Some people find everything that concerns them equally important. Those people can ask themselves this question of conscience: suppose you are in the hospital for two to three weeks, do you really think that life cannot go on without you? And that everything runs smoothly without your presence? Making choices now means investing in the future.
6. Seek and ask for help and support People with stress and psychological complaints often appear to make insufficient use of the help and support of others. Sometimes there is no support, but often there is.
You may find that you should be able to solve everything yourself, or you do not want to burden others. If this applies to you, you might wonder if you are honest with yourself. Do you not measure with two sizes? You would probably not hesitate for a second to help someone else if that person asked for your support.
Asking for help often means complimenting others. You show that they are important to you. It is not necessary to do everything on your own.
7. Stand up for yourself A common factor that can play a role in stress and psychological complaints is a lack of assertiveness. This means that you do not stand up for yourself. It is better to clearly indicate to others what you want and what you do not want.
Being assertive also means saying no if you do not want something and criticizing if you are bothered. Many people find that difficult. But clear, open communication with others is very important for your own psychological well-being.
8. Don't be a perfectionist In principle, nothing is wrong with a healthy pursuit of better and more. This endeavor works as a motivation and with that we move forward.
For someone who strives for perfection, good is never good enough; it can always be better for him or her. Perfectionism is a trap. Precisely when you strive for perfection, you will never achieve this and you will therefore never be really satisfied with what you have achieved.
As a result of the tension that perfectionism evokes, people often become less efficient. You could check whether your requirements are realistic. When is good good for you? Disasters happen if you are not perfect? Do you perhaps overestimate the importance of perfection?
9. Try to think really Our way of thinking has a major influence on how we feel. Certain thought patterns encourage tensions and unpleasant feelings. These are often thoughts in which the word 'must' appears: it must be perfect, it must now be finished, and so on.
You may want to think about what would change for you if you filled in 'where', 'want' to be.
In addition, people often fill in thoughts for others: "He will think that ..." It is important to take a critical look at your own thoughts and submit them to an imaginary court.
Are your thoughts consistent with reality? If this is not the case, try whether you can change some thoughts. 'I don't know what they think', for example, feels very different from 'they will think I am putting myself in.
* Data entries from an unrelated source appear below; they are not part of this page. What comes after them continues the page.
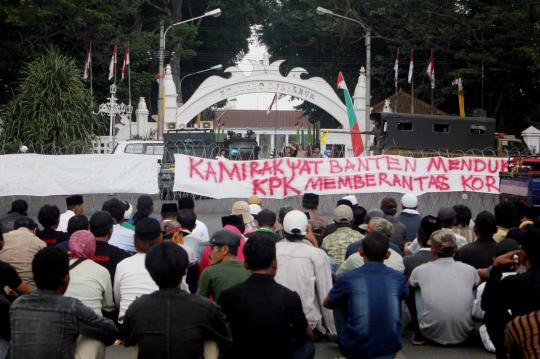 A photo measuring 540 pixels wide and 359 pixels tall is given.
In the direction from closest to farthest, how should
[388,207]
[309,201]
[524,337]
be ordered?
1. [524,337]
2. [388,207]
3. [309,201]

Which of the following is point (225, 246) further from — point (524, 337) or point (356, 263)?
point (524, 337)

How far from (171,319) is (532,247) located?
7.56ft

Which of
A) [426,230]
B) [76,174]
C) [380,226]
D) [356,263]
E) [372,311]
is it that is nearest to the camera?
[372,311]

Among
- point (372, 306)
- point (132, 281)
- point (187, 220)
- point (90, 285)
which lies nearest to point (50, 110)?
point (187, 220)

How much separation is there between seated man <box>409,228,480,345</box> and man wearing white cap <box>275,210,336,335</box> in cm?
104

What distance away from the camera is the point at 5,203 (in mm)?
19359

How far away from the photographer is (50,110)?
2777 centimetres

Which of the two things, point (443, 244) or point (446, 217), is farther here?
point (446, 217)

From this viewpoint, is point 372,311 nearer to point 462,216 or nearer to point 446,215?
point 446,215

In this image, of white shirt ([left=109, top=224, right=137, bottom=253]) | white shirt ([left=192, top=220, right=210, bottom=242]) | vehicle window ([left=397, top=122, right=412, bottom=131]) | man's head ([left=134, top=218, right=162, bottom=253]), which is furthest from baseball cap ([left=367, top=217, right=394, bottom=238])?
vehicle window ([left=397, top=122, right=412, bottom=131])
10. Search for good solutions Many difficulties and problems persist because people hold on to a solution that does not work for too long. The problem is self-sustaining.
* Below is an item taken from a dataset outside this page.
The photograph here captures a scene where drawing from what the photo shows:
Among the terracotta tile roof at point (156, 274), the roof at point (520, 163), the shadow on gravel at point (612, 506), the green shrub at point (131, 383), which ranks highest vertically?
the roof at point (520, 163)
People often look blindly at the causes of their problems and thereby forget to look for solutions.
It is advisable to map out for yourself how you have dealt with your problems or complaints. What has worked and what has not?
It is good to discuss your solutions with your partner, with another good acquaintance or with a social worker. Do they also believe that your chosen solution is the best, or do they perhaps have other ideas?
You could try a solution technique that is completely different from what you have tried so far.
11. Solve problems step by step You can best solve problems step by step. People want to see their problem solved in one go. Others take too large steps in this regard.
If the problem is not resolved, it can lead to a feeling of "it doesn't get along."
Is it better to wonder what you could do now to feel one percent better and to get one percent closer to the situation you want? Once you have achieved this, you can take the next step on your way to your goal.